Dass das durchaus sinnvoll ist, bestätigt auch eine Customer-Journey-Analyse von Alnavit, der Alnatura-Marke für vegane, gluten- und laktosefreie Produkte. Diese zeigt, dass scheinbar mehr und mehr Menschen freiwillig, auch ohne medizinische Gründe, bei Produkten zugreifen, die früher im „Frei von …“-Regal platziert worden wären. Stavroula Ekoutsidou, Leiterin bei Alnavit, empfiehlt daher, Haferartikel statt dem Allergiker-Regal den jeweiligen Warengruppen zuzuordnen.
Glas oder Karton ?

Die Frage nach der Verpackung von Haferdrinks stellt sich immer in Abhängigkeit zu den zurückgelegten Transportwegen. Getränkekartons sind leicht, müssen dafür aber nach jedem Gebrauch entsorgt werden. Mehrwegglasflaschen können bis zu 50-mal wiederverwendet werden, lohnen sich aufgrund des energiekonsumierenden Gewichts jedoch nur bei kurzen, regionalen Transportwegen. „Die meisten Firmen, die Pflanzenmilch vertreiben, tun dies deutschland-, europa- oder weltweit und rechnen somit über diese langen Transportwege“, erklärt Swenja Rosenwinkel von Kornwerk. Da ihr Unternehmen die abgefüllten Haferdrinks jedoch nur maximal 350 Kilometer von der Produktionsstätte verkauft, konnte die Verwendung von Mehrwegglasflaschen bei Kornwerk ökologisch sinnvoll umgesetzt werden.

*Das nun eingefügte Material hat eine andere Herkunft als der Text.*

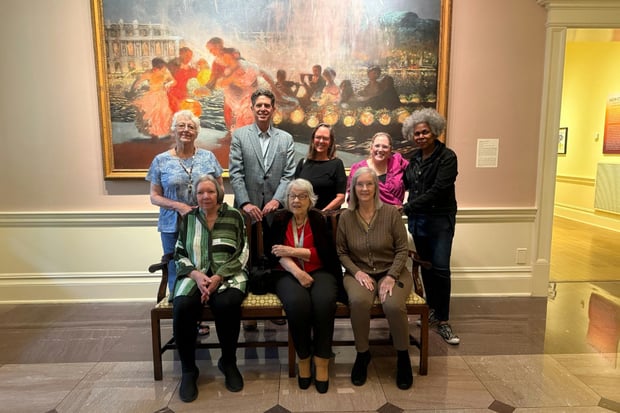 A group of residents and staff from this senior living community in Memphis, TN pose together in front of a large impressionist painting during a cultural excursion to a local art museum.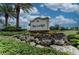 Community entrance sign surrounded by lush greenery, flowers, and landscaping at 7130 Whittlebury Trl, Bradenton, FL 34202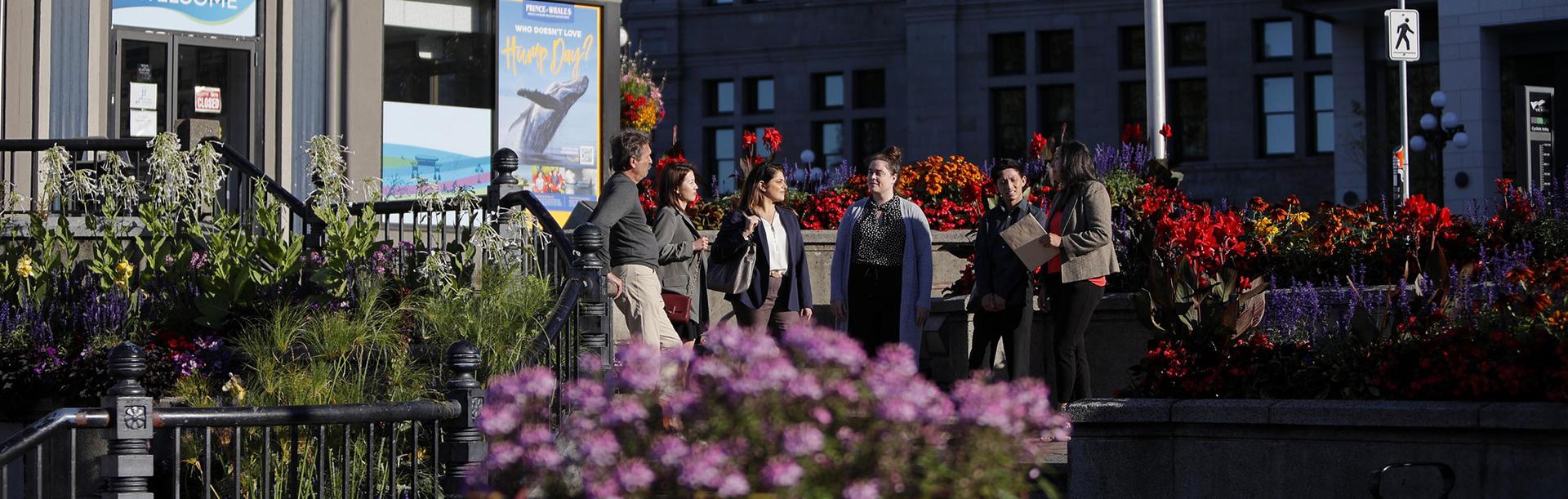 A group of professionals meet outside of the Victoria Visitor Centre in Victoria, BC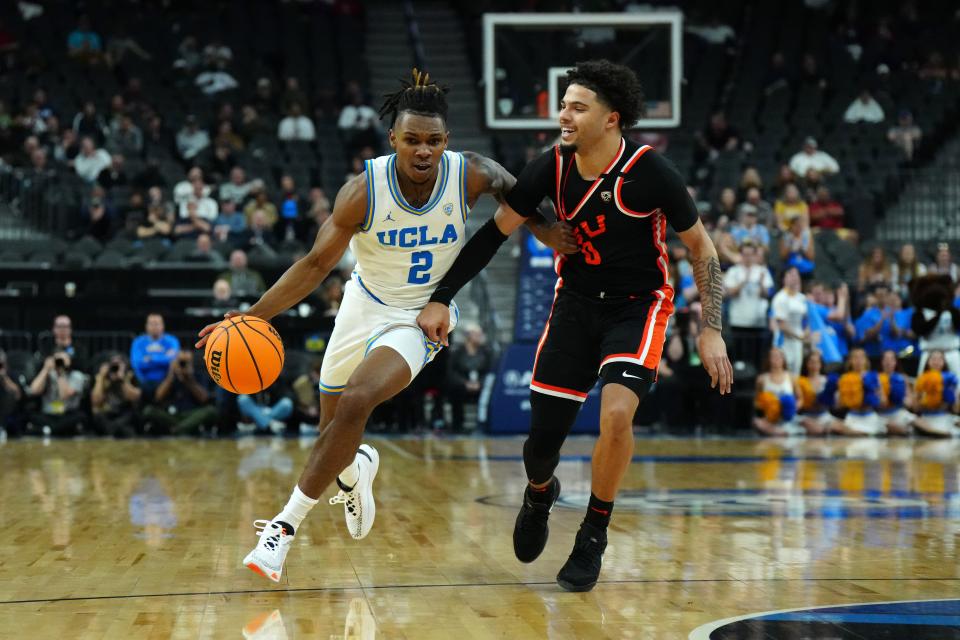UCLA Bruins guard Dylan Andrews (2) dribbles the ball against Oregon State Beavers Jordan Pope (0) in the first half at T-Mobile Arena Wednesday, March 13, 2024, in Las Vegas.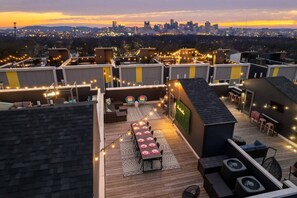 Experience Nashville’s vibrant energy from this stunning rooftop oasis, perfect for large groups. Enjoy luxurious seating, skyline views, and a chic dining area—ideal for your next bachelorette party or family reunion. Make this your exclusive vacation rental and let the good times roll!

Wenke Blumenroth, Unternehmenssprecherin von Mymuesli, hält den Getränkekarton immer noch für die beste Verpackungslösung. Der Getränkekarton schütze ihren überwiegend online verkauften Nilk-Haferdrink optimal vor Umwelteinflüssen und lässt die Milchalternativen sicher bei den Kunden ankommen. „Wir werden im Frühjahr 2021 die 1-Liter-Verpackung für Nilk umstellen und beim Tetra Pak bleiben“, sagt Blumenroth. Mit dem neuen, nachhaltigeren Modell aus „plant-based“ Kunststoffen für Verschluss und Packung steige dann der Anteil nachwachsender Materialien auf 87 Prozent und senke gleichzeitig den CO2-Ausstoß um 19 Prozent auf etwa 45 Gramm CO2 für den gesamten Lebenszyklus pro 1-Liter-Packung.